Я тоже вдова, но второй волны страха — за сына — я избежала, потому что вовремя сообразила, что детей иметь нельзя. Кроме того, мне помогали стихи. Сознавая свое рабское положение, я повторяла: «Зане свободен раб, преодолевший страх». Преодолеть страх я, конечно, не могла, но стихи давали внутреннюю свободу, наглядное подтверждение того, что в человеке заложено нечто высшее и лучшее: любовь, жалость, чувство музыки и поэзии, мысль, скорбь, печаль и боль, а еще таинственная радость, которая иногда сходит на нас в минуты тишины и печали. Не пора ли остановиться и подумать, кто мы, что мы сделали с собой, где мы живем и как мы живем...
Хорошо, если человек способен отстоять свою внутреннюю свободу. Труднее всего это было не в период страшной расплаты, а пораньше, когда еще казалось, что все может наладиться и очеловечиться. Я говорю о поразительной глухоте и немоте двадцатых годов — после окончания гражданской войны до раскулачивания. Сужу я не по себе — молодость, особенно у женщины, глупа и бессмысленна. Все кругом меня было лишено мысли и сердца. Мандельштам, сильный человек, молчал, как и Ахматова. Хорошие люди, вроде Тынянова, занимались мелким изобретательством. Пастернак сочинял поэмы. Все самоутверждались и, как актеры, играли придуманную для себя роль. Внутренний голос был заглушен победой «нового» и настоящим духовным кризисом. Такого кризиса не представить себе, если не вспомнить, что те немногие, к кому вернулась свобода, исцелились благодаря страху. Это относится к таким, как я, слабым людям. Мандельштам обрел себя другим путем. Он страха не знал, хотя мог испугаться любой чепухи — человека в папахе, который пришел к моим родителям спрашивать, что за тип появился у них в квартире, косого взгляда сукиных сыновей, соприкосновения с мерзостью и мертвечиной и еще разного и, по существу, не страшного. Он пугался тени зла, но страха не знал. Объяснить этого я не могу, но видела собственными глазами, что он прожил без страха. Его свобода заключалась в радости. Он на время потерял радость, и она вернулась к нему в самом начале тридцатых годов, когда сразу рухнули все иллюзии и рассеялся дурман. Таков его индивидуальный и неповторимый путь. Мой был иным, как у других моих современников.

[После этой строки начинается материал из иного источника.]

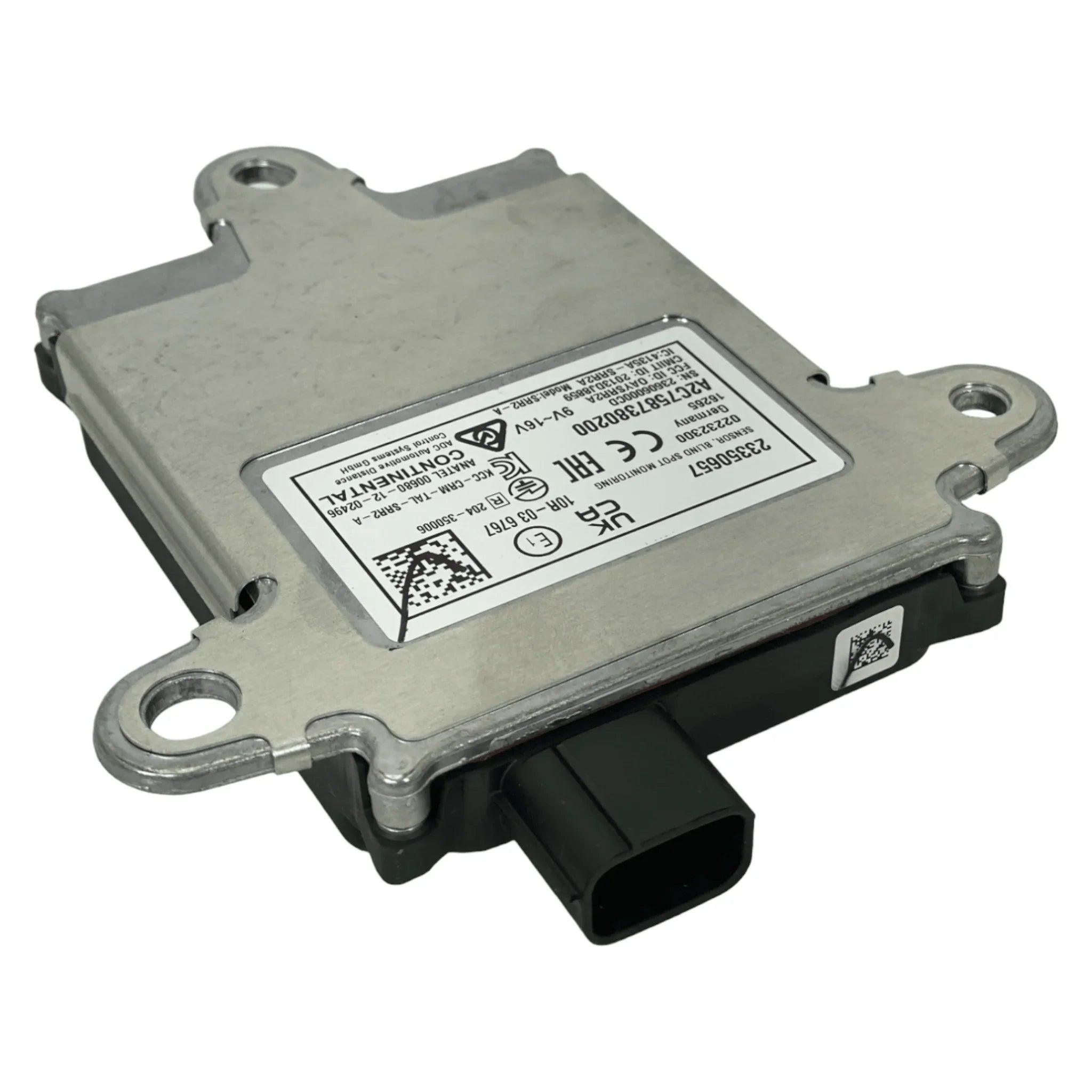 23350657 Genuine Volvo Spot Sensor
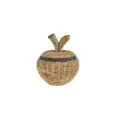 Home Accessories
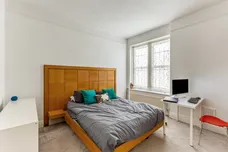 Prince Of Wales Mansions Prince Of Wales Drive SW11 photo 6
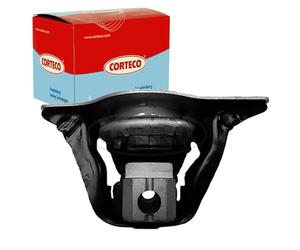 CORTECO Palier, moteur QUALITÉ DE PREMIER ÉQUIPEMENT 80001333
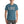 Load image into Gallery viewer, LBE T-Shirt
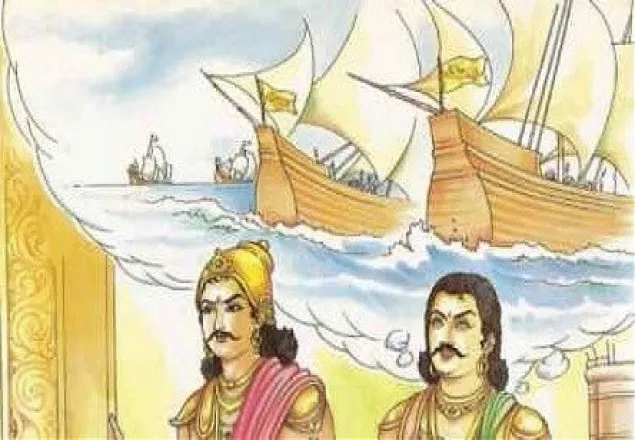 যেভাবে এলো বাঙালির বংশ পদবী!
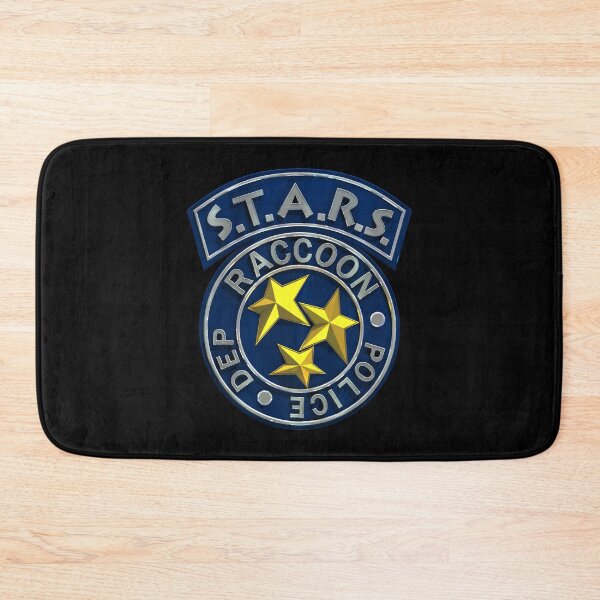 Item preview, STARS 3D designed and sold by CCCDesign.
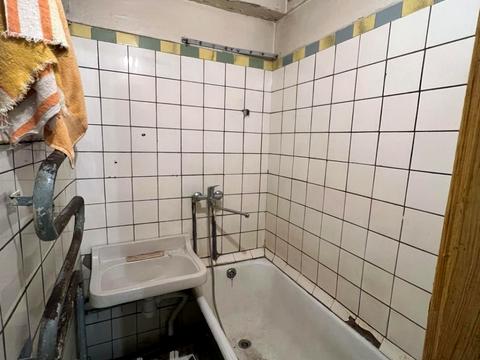 квартира за адресою Березняківська вул., 14-А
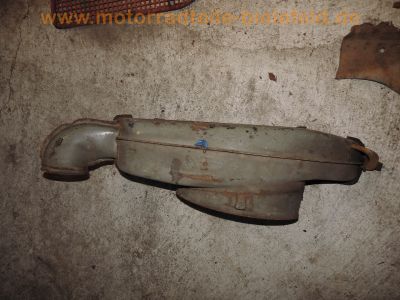 Steyr-Daimler-Puch_Haflinger_703AP_4x4_Allrad-LKW_-_Ersatzteile_Teile_spare-parts_Motor_Vergaser_Dynastarter_Technik_wie_Steyr-Puch_500_650_700AP_Haflinger_315.jpg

В такие эпохи, как пережитая, но еще далеко не изжитая нами, страх имеет положительную функцию. Мы когда-то признались друг другу с Ахматовой, что самое сильное чувство, которое мы испытали, сильнее любви и ревности, сильнее всего человеческого, это страх и его производные — мерзкое сознание позора, связанности и полной беспомощности. Страх тоже бывает разным — пока существует ощущение позора, ты еще человек, а не раб. В сознании позора целительная сила страха и залог обретения внутренней свободы. Пока был жив Мандельштам, я боялась только за него и больше ничего не чувствовала. После его смерти все бессонные ночи, все дни, все часы были заполнены горечью и стыдом — целебным чувством нашего позора.
Настоящие рабы — это те, кто не сознавал и не сознает позора и твердо верит, что его, преданного и исполнительного, никто не тронет, если, разумеется, не произойдет ошибки. В прошлую эпоху таких было сравнительно мало — они сидели в парниках и с обыкновенными людьми не общались. Они не знали сомнений, и, когда уводили ночью их соседа по парнику, они вздыхали, что измена прокралась и в их райский уголок. Большинство городских жителей с приличным положением, зарплатой, пакетом или авторским гонораром заклинало страх, закрывая на все глаза и повторяя, что надо лишь быть благоразумным — тогда ничего не случится. Этот вид страха переходит в жалкую трусость и действует растлевающе на несколько поколений вперед. Уцелевшие из этих растленных заклинателей страха продолжают деятельность и сейчас и с упоением рассказывают о величии и красоте двадцатых годов, когда цвели и шумели все искусства.
У людей, заклинавших страх, обычно росли непуганые дети. Мы с Ахматовой придумали поговорку: «За пуганого двух непуганых дают». Родители, охраняя детей, растили их в полном неведении, потом садились родители, и непуганый оставался один — его ничего не стоило завербовать, и бедный мальчик — сын за отца не отвечает — аккуратно писал донос. Иногда забирали самого непуганого, и он, милый человек с открытой душой, добродушно или испугавшись кулака снабжал вопрошателя любыми показаниями о родных, знакомых или совсем посторонних людях. Наконец, могло повезти: вся семья уцелела, и непуганый ходил по улицам и домам, писал письма и дневники или просто болтал, а расплачиваться за его идиотизм приходилось другим. Для нас непуганый был хуже провокатора — с провокатором хитришь, а непуганый смотрит голубыми глазами, и его не заткнешь.